The wine grape: 1) is smaller then table grapes.
2) has a tough skin like muscadines.
3) are not as sweet as table grapes. 
I have 4 wine grape & 8 Muscadines that may live until my grandchildren can pick them.
Muscadines are sweeter in the store then in the woods, because the hybrids are 16% sugar.
These wine grape is good for jelly or jam, anything you can add sugar too.
It is great for wine,too.


----------



## crabapple (Jan 1, 2012)

This may help:
http://www.freshpreserving.com/recipe.aspx?r=304

Fruits & Berries for the Home Garden by Lewis Hill
I can not say enough about this book.
It has all you need to know about most the fruit you would want to grow & a few recipes too.


----------



## HoppeEL4 (Dec 29, 2010)

Thanks, I kind of guessed they were not table grapes. They are actually the size of the usual red (smaller than those massive ones) globe grapes, same color, but not pop in your mouth sweet, in fact, I have had sour candies sweeter than those. So then I wondered if this was the first year they produced for us after being cut to the ground, maybe they needed another year to do better, or more pruning to focus the energy into the grapes? Well jelly it is since I already made jam out of cherry plums I found on a defunct farm for free, this is all bonus food!


----------



## JayJay (Nov 23, 2010)

HoppeEL4 said:


> Thanks, I kind of guessed they were not table grapes. They are actually the size of the usual red (smaller than those massive ones) globe grapes, same color, but not pop in your mouth sweet, in fact, I have had sour candies sweeter than those. So then I wondered if this was the first year they produced for us after being cut to the ground, maybe they needed another year to do better, or more pruning to focus the energy into the grapes? Well jelly it is since I already made jam out of cherry plums I found on a defunct farm for free, this is all bonus food!


Grapes are not sour even when just a few on the vine when bought.
I had two kinds in the last home.
Wine grapes?


----------



## HoppeEL4 (Dec 29, 2010)

No JayJay these are growing in my yard, they were here before we moved in, this is their second year growing since we had to cut them back initially. Yeah if I had gotten them this sour from the store I would have taken them back  .

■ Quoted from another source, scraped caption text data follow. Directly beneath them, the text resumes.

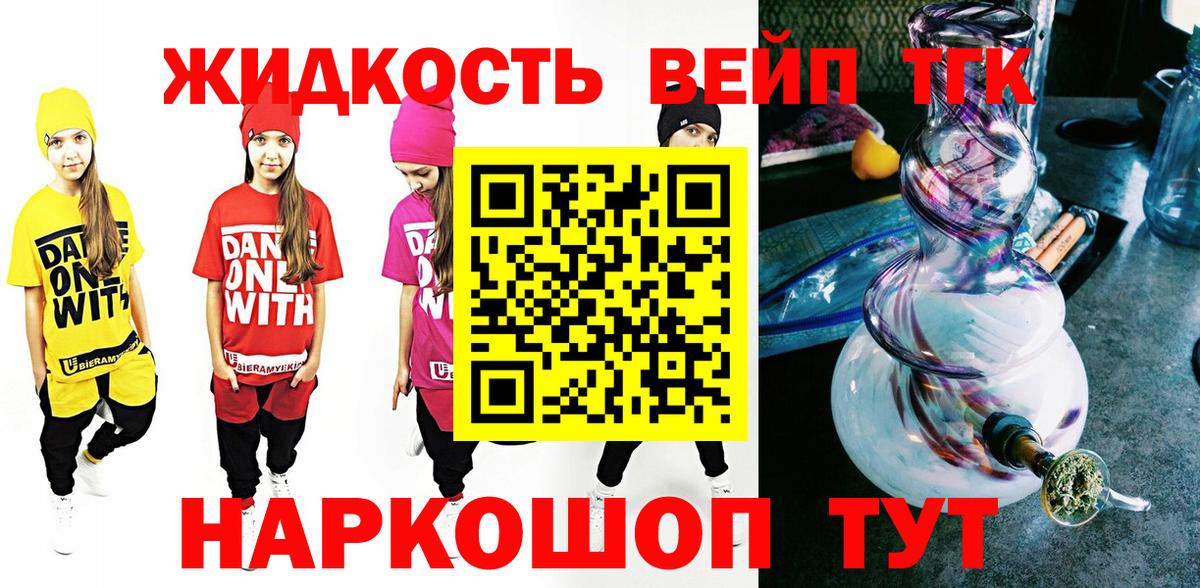 Южноуральск  гидра   Вход с VPN  ТГК вейп  ТГК гашишное масло 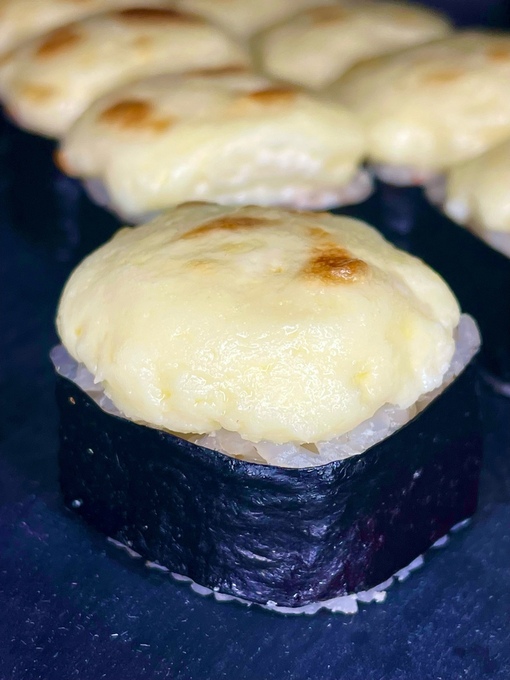 Арамаки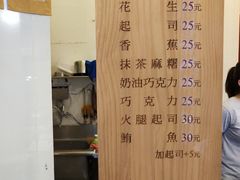 菜单-惠比寿鲷鱼烧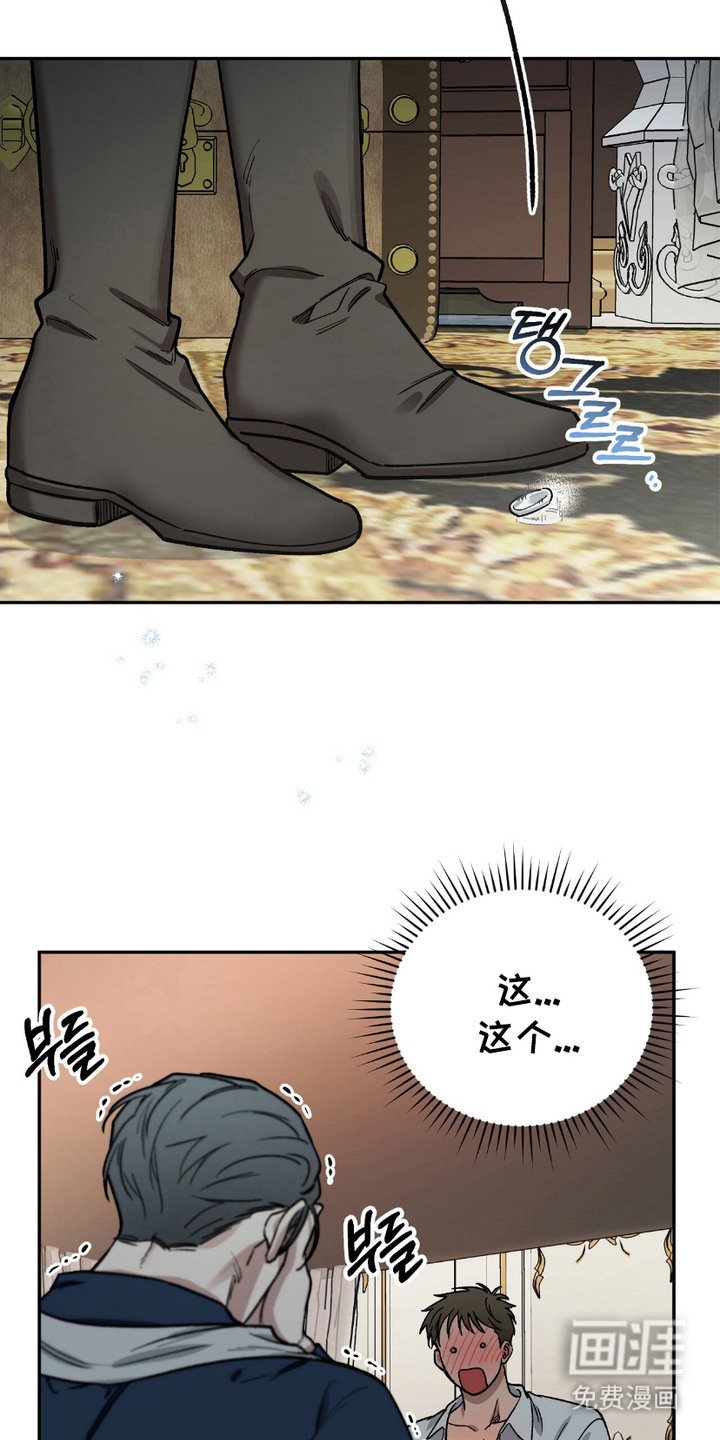 第4章：没有否认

I need to take a picture, I think they are so pretty growing right now, it is this quintessential scene of colors for fall.


----------



## crabapple (Jan 1, 2012)

This is a site on the difference between table grapes & wine grapes.
http://winefolly.com/tutorial/table-grapes-vs-wine-grapes/


----------



## HoppeEL4 (Dec 29, 2010)

Thanks. They did sweeten up some, I let them sit till about 8 days ago and the rain and cold started up here. I picked them all, cooked them down, ran them through a food mill, then froze the juice for later use. Of course I have not added sugar yet, will as needed to make jelly when I do.


----------